CIS Network Seminar: #IDIAP
“Understanding Language as Bayesian Inference of Bayesian Representations”
Dr. James Henderson, Senior Researcher, IDIAP
Monday April 24, 2023 | 15:15-16:15 CEST
The astounding recent advances in AI have been enabled by the Transformer deep learning architecture, and its incredibly effective inductive bias for Large Language Models. We argue that this architecture is fundamentally Bayesian, in that its learned representations are best thought of as probability distributions. We then propose an extension to Transformers which adds nonparametric Bayesian inference of these Bayesian representations. Our Nonparametric Variational Information Bottleneck can regularise any attention-based representation, resulting in generative models with variable-sized sparse latent representations. Existing large Transformers pretrained on text can be reinterpreted as approximating this inference, suggesting that the success of Transformers is due to their ability to approximate nonparametric Bayesian inference of Bayesian representations.
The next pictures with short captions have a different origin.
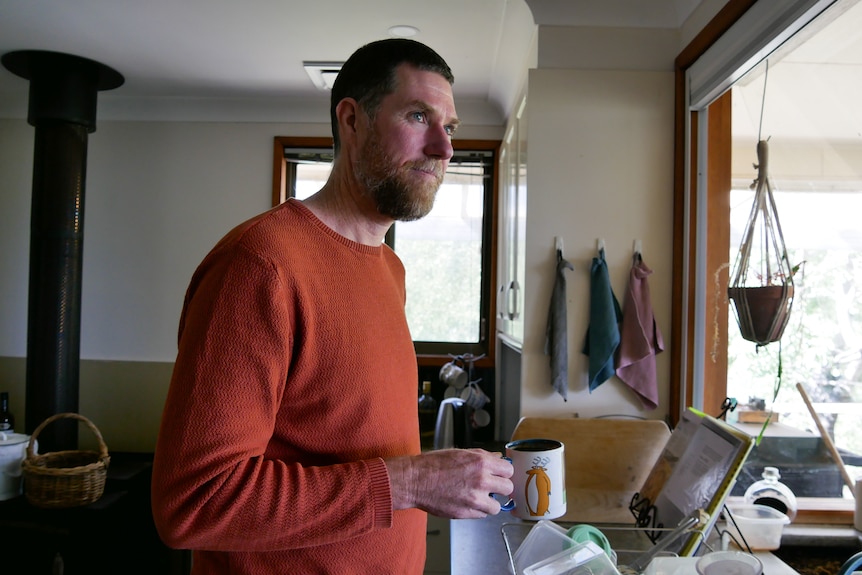 A man holding a coffee mug in a kitchen.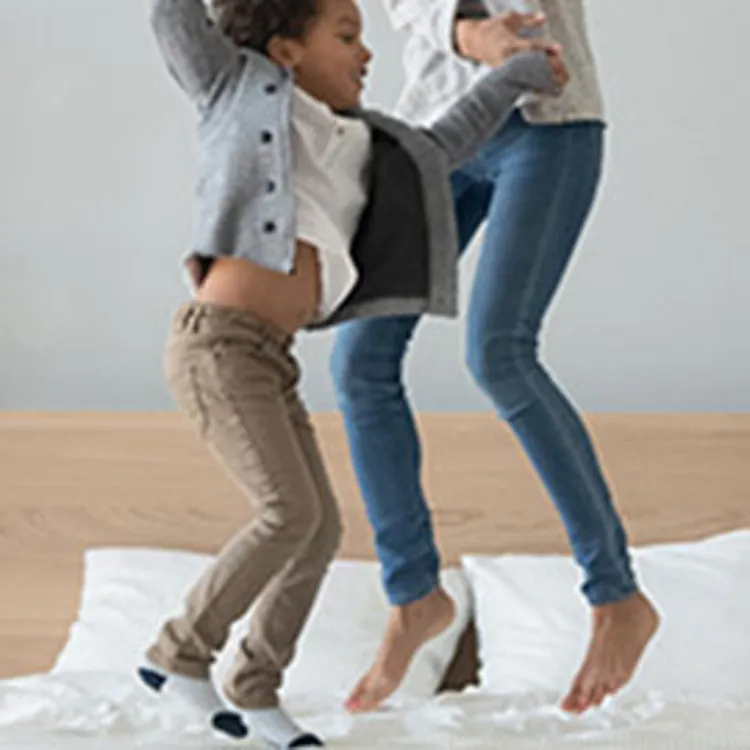 mom and son jumping on bed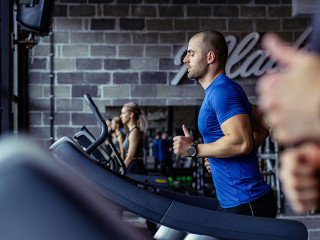 Young man in sportswear running on treadmill at gym.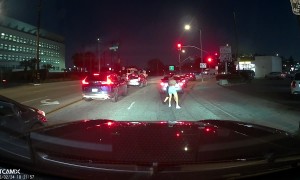 Two Women's Physical Altercation Spills Into Street Traffic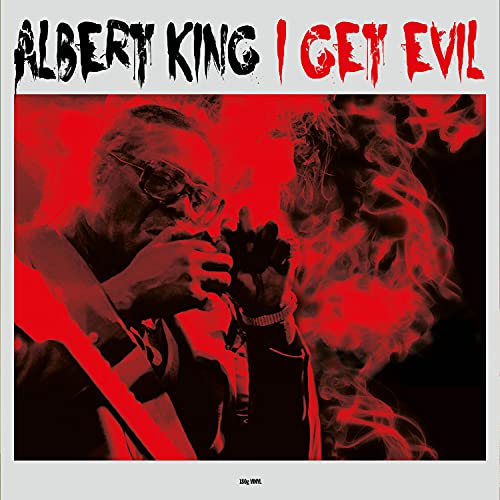Albert King album cover: portrait with red background and smoke effects.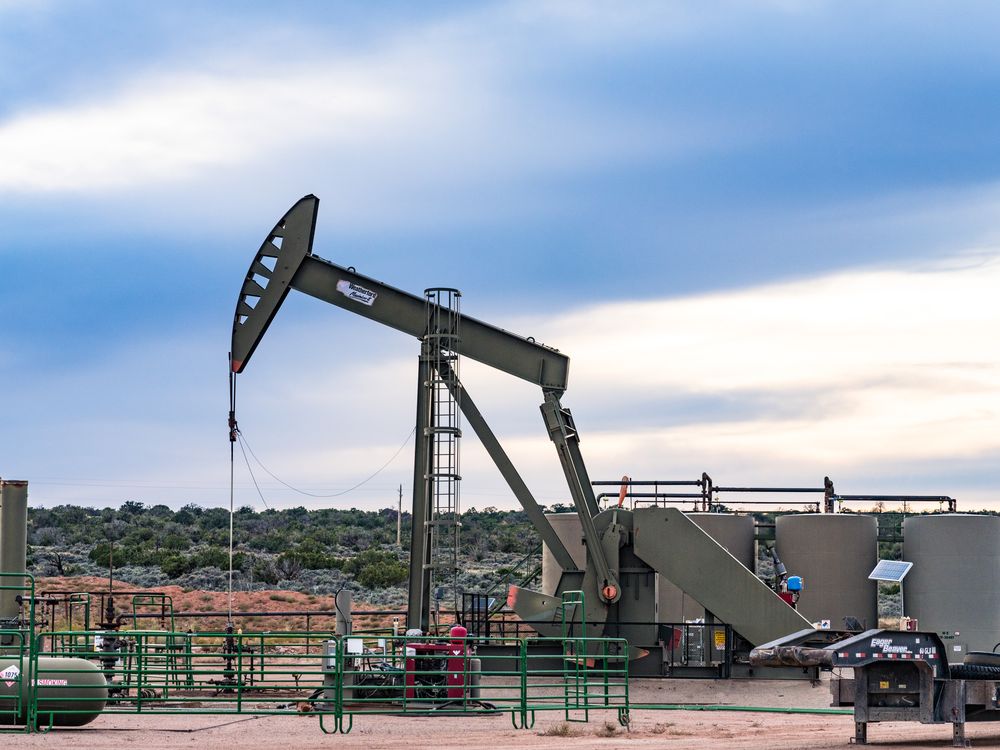 A conventional horsehead oil well pump jack unit and storage tank battery on an oil well site in Utah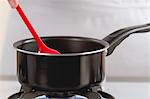 A saucepan on a gas stove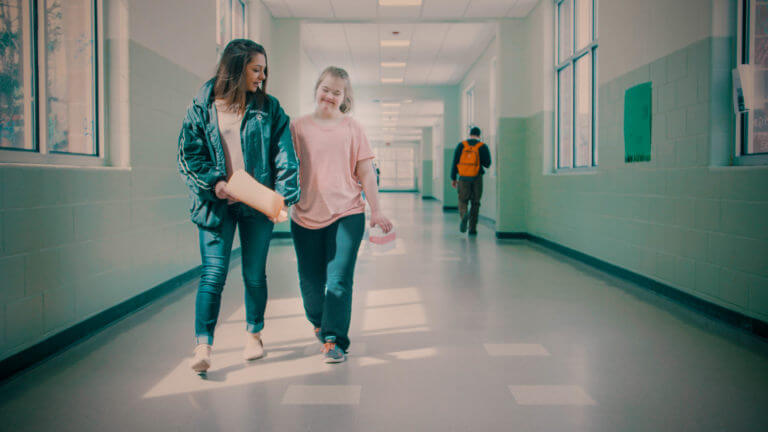 Emily and Kate walking down a school hallway.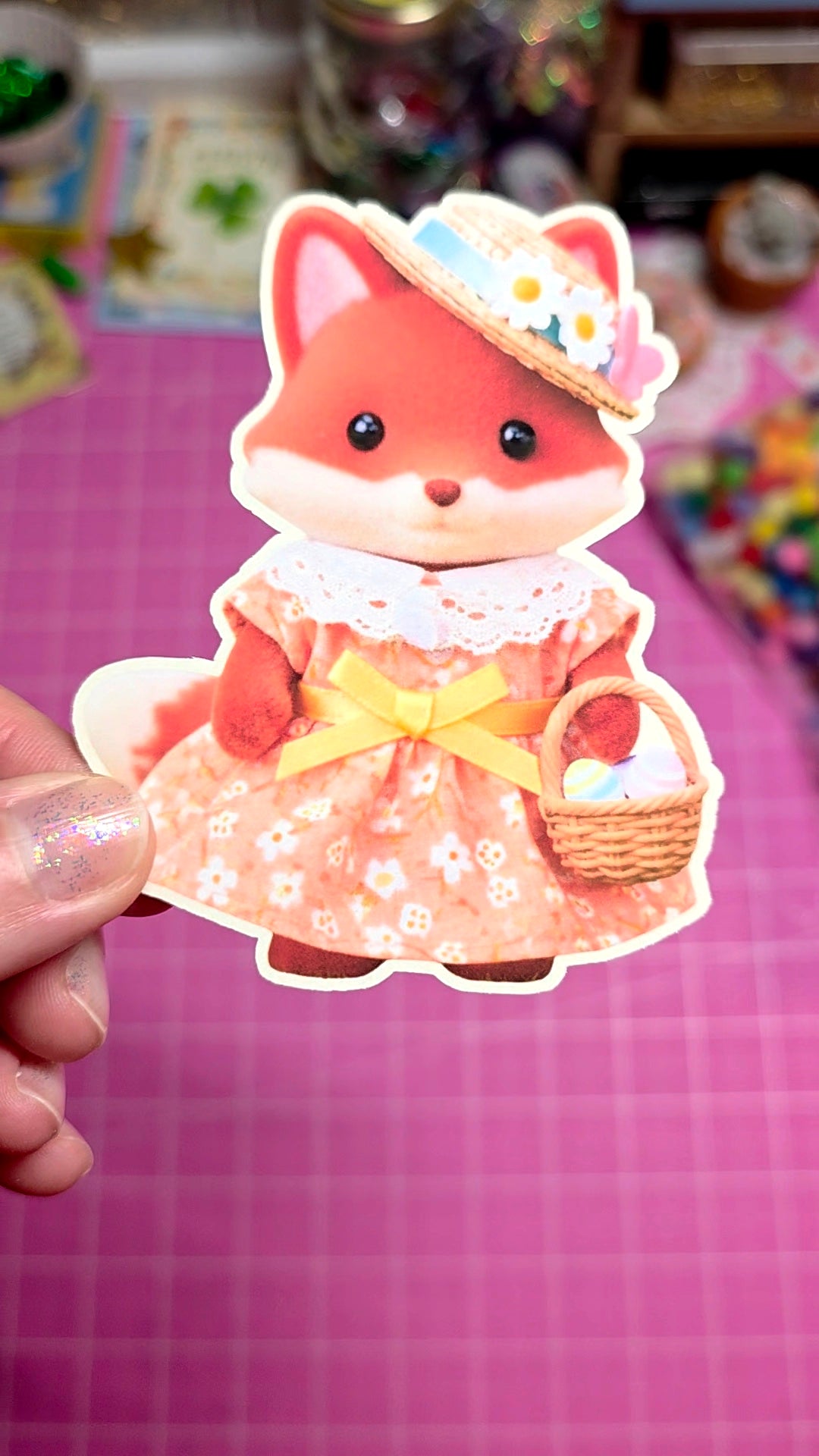 Cartoon fox character in a dress holding a basket, held against a colorful background.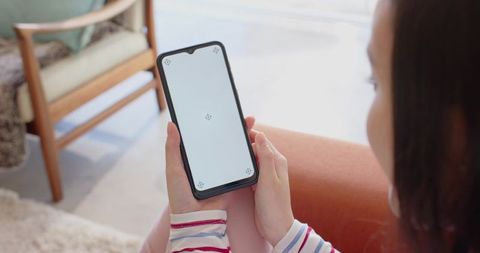Asian woman holding smartphone with blank screen on rust sofa in cozy living room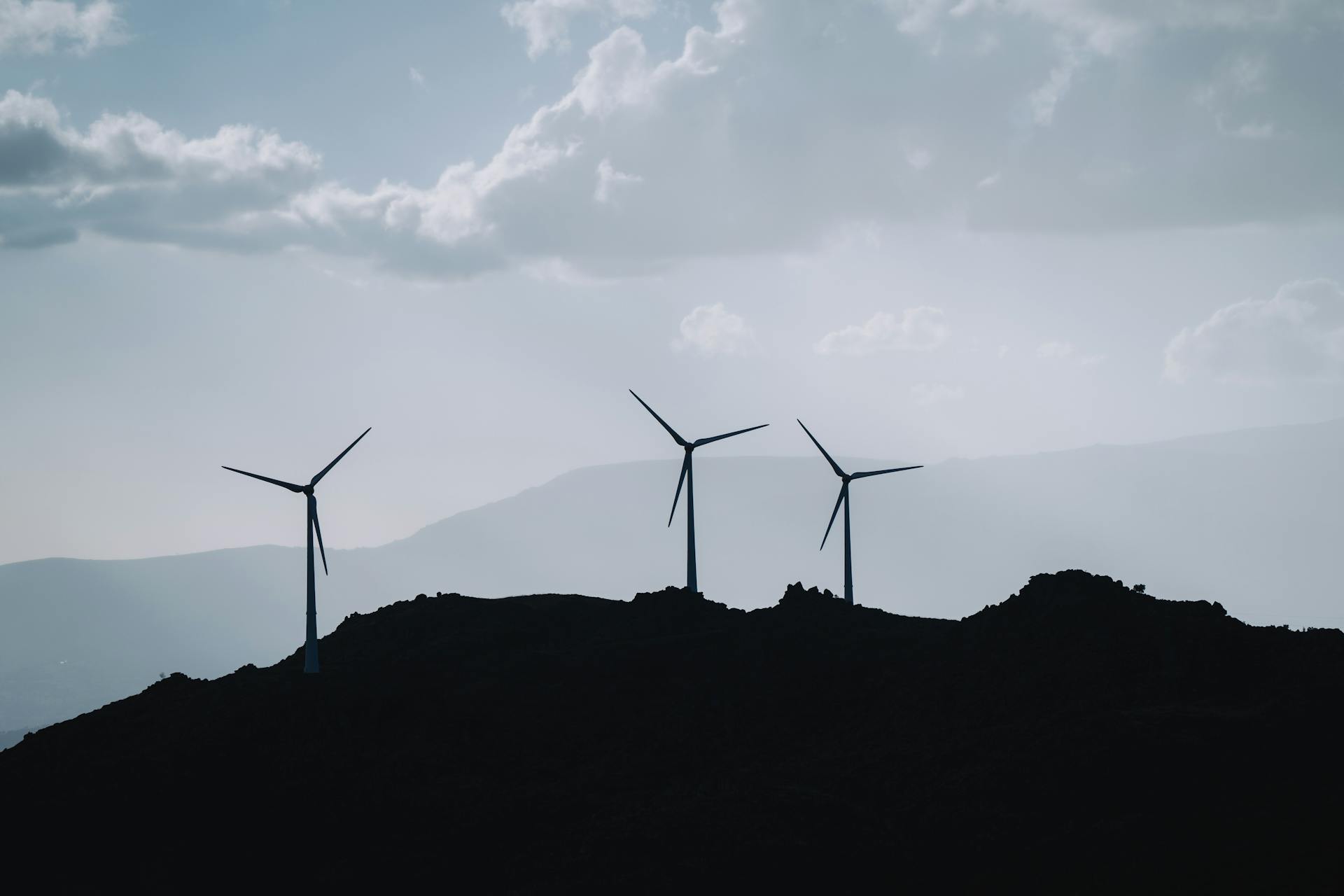 Silhouette of three wind turbines on a mountain ridge under a cloudy sky, promoting renewable energy.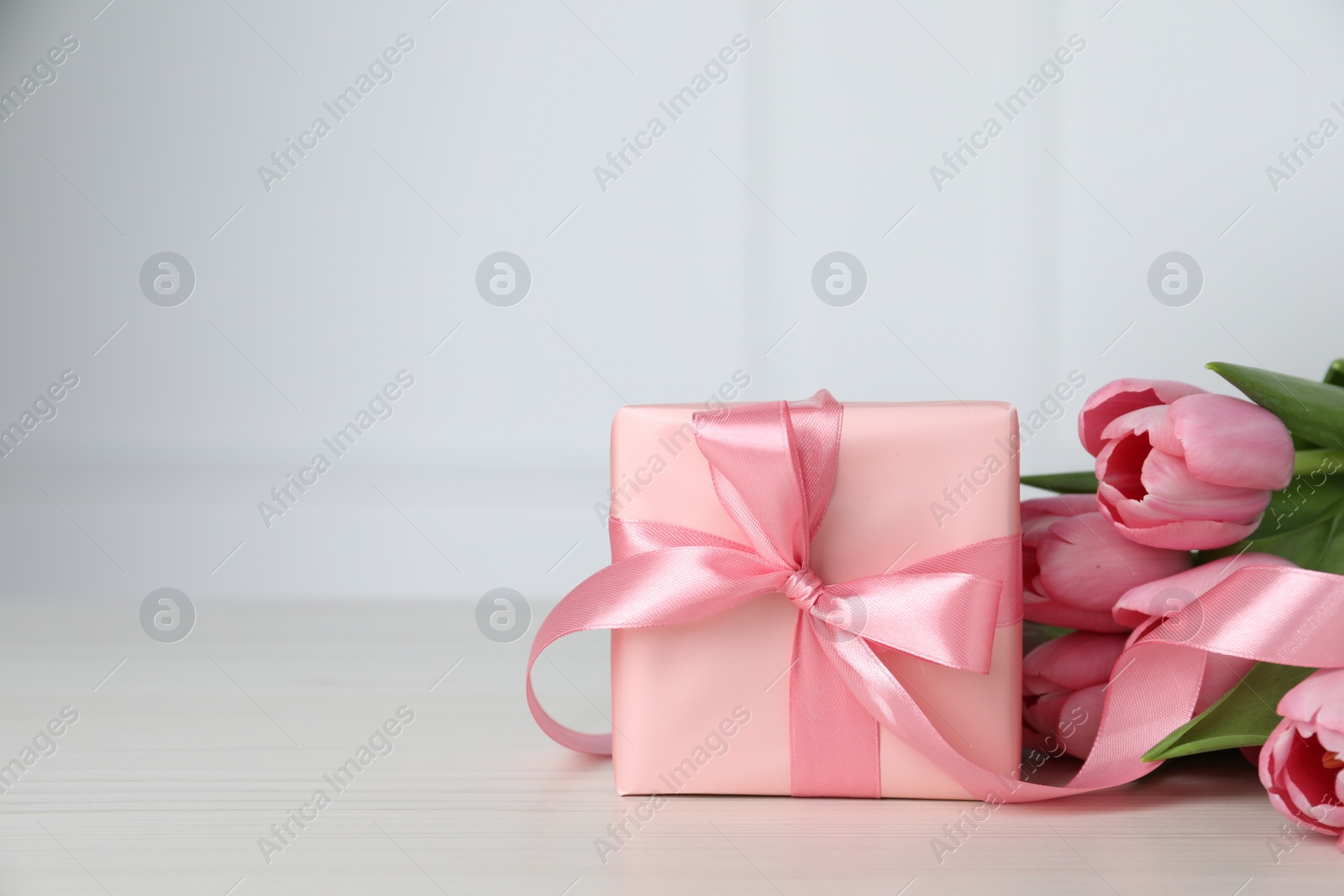 Photo of Beautiful gift box with bow and pink tulip flowers on light table, space for text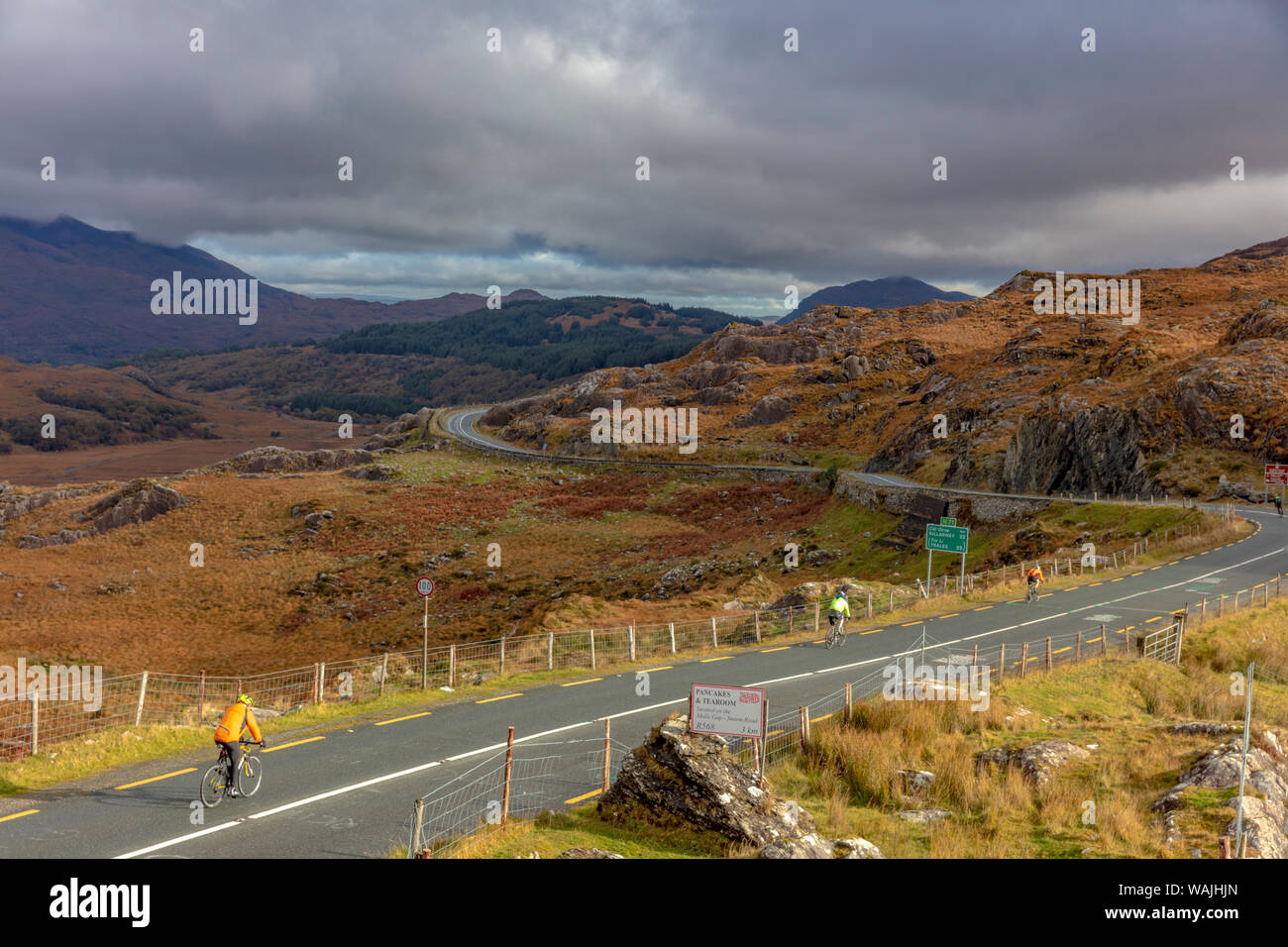 Road bicycling at Molls Gap in Killarney National Park, Ireland (Editorial Use Only) Stock Photo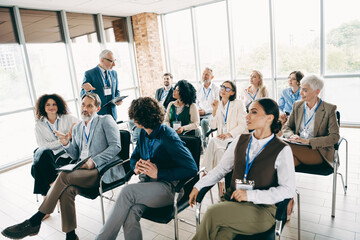 Diverse group of professionals participating in an engaging business workshop in a modern office environment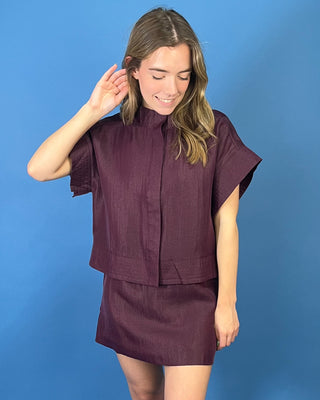 Burgundy two-piece skirt set featuring a relaxed short-sleeve top with a high neckline and a coordinating structured mini skirt.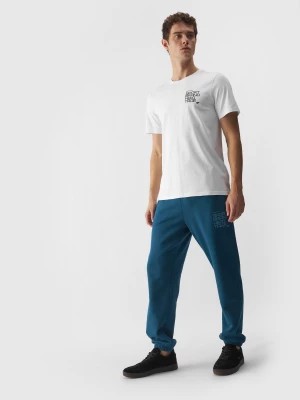 Zdjęcie produktu Spodnie dresowe joggery męskie - turkusowe 4F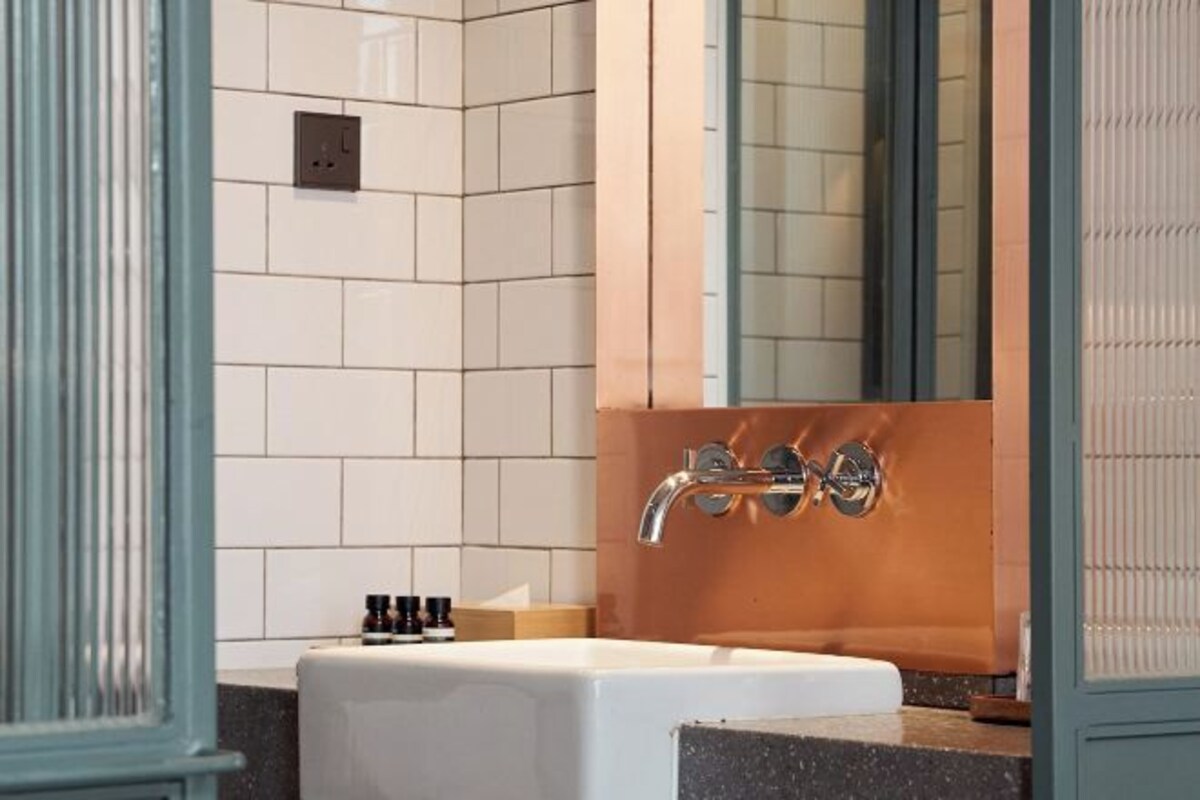 Un baño moderno con azulejos blancos, un lavabo blanco y una cabina de ducha en color cobre.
Dr James Henderson is a Senior Researcher at Idiap Research Institute, where he heads the Natural Language Understanding group. He was previously MER at Univ Geneva and held a number of other research positions since his PhD at Univ Pennsylvania and BSc at MIT. He investigates machine learning methods for natural language processing, with a long history of work on neural network structured prediction and variational Bayesian approaches to deep learning.